A pathway to ultracold bosonic ²³Na³⁹K ground state molecules

We spectroscopically investigate a pathway for the conversion of ²³Na³⁹K Feshbach molecules into rovibronic ground state molecules via stimulated Raman adiabatic passage. Using photoassociation spectroscopy from the diatomic scattering threshold in the a ³Σ⁺ potential, we locate the resonantly mixed electronically excited intermediate states |B¹Π, v=8⟩ and |c³Σ⁺, v=30⟩ which, due to their singlet-triplet admixture, serve as an ideal bridge between predominantly a ³Σ⁺ Feshbach molecules and pure X ¹Σ⁺ ground state molecules.

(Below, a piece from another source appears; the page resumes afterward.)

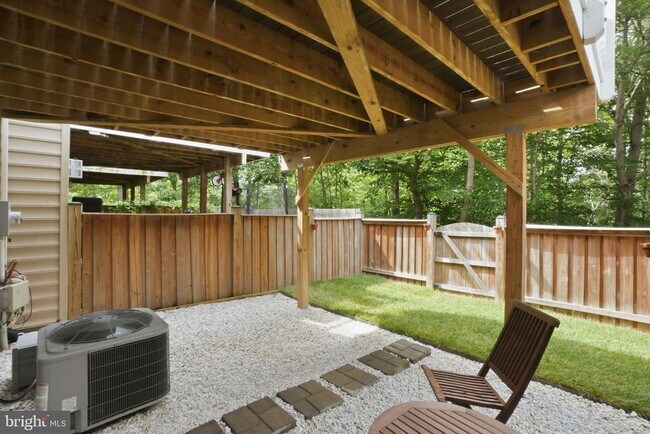 Building Photo - 8133 Dove Cottage Ct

We investigate their hyperfine structure and present a simple model to determine the singlet-triplet coupling of these states. Using Autler-Townes spectroscopy, we locate the rovibronic ground state of the ²³Na³⁹K molecule (X¹Σ⁺, v=0, N=0⟩) and the second rotationally excited state N = 2 to unambiguously identify the ground state. We also extract the effective transition dipole moment from the excited to the ground state. Our investigations result in a fully characterized scheme for the creation of ultracold bosonic ²³Na³⁹K ground state molecules.